- Battle of Pelister: Part of the fragmentation of the Serbian Empire
| Date | c. 1369 |
| Location | Pelister mountain range (modern North Macedonia) |
| Result | Albanian Victory |

Belligerents
- Principality of Muzaka: Forces of King Vukašin Mrnjavčević

Commanders and leaders
- Andrea II Muzaka: Vukašin Mrnjavčević

= Battle of Pelister Mountain =

Alleged 1369 battle between Andrea II Muzaka and Vukašin Mrnjavčević

The Battle of Pelister was an alleged armed engagement around 1369 between Albanian nobleman Andrea II Muzaka, ruler of the Principality of Muzaka, and Serbian King Vukašin Mrnjavčević over territorial claims in southwestern Macedonia, including Kastoria.

According to the early 16th-century family chronicle written by Gjon Muzaka, Andrea II Muzaka assembled an army and confronted Vukašin's forces at Pelister mountain after the Serbian king marched into Muzaka territory. The battle reportedly ended in a decisive victory for Muzaka, with Vukašin captured as a prisoner. In recognition of this success against a Byzantine rival, Emperor John V Palaiologos allegedly granted Andrea II the title of Despot and a new coat of arms featuring a double-headed eagle.

The event is primarily attested in the Breve memoria de li discendenti de nostra casa Musachi (1510/1515) by Gjon Muzaka, a descendant writing in exile in Italy.
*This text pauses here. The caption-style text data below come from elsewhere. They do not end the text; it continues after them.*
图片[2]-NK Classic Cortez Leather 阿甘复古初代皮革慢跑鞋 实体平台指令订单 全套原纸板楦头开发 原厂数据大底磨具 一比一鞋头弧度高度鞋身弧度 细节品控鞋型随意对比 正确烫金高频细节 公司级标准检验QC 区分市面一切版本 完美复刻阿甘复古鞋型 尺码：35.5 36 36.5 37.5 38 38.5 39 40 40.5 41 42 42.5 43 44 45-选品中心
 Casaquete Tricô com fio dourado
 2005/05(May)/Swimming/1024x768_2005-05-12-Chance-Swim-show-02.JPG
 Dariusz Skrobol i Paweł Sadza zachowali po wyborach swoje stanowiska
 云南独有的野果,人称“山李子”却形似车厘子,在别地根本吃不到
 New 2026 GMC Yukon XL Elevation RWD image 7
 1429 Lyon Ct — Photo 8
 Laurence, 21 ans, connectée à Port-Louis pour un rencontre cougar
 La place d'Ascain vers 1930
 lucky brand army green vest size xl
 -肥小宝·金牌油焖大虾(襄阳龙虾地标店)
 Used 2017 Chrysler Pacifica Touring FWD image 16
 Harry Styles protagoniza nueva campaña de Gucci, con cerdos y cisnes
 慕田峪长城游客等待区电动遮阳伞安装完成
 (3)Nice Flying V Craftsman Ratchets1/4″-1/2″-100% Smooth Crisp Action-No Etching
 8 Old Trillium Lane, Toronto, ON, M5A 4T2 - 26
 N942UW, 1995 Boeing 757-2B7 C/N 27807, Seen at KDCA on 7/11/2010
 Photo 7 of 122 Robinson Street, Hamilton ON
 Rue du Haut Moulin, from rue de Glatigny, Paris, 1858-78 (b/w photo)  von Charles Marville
No contemporary Byzantine, Serbian, or Ottoman sources directly confirm the battle or the capture of Vukašin, who is historically documented as dying at the Battle of Maritsa in 1371.

Following Vukašin's death at Maritsa, Andrea II Muzaka, allied with Andrea Gropa and the Balšić family, expanded into Kostur (Kastoria) and other areas previously held by Vukašin's son Prince Marko.

Historians regard the account as reflecting Muzaka family traditions but treat details like Vukašin's capture with caution due to lack of independent corroboration.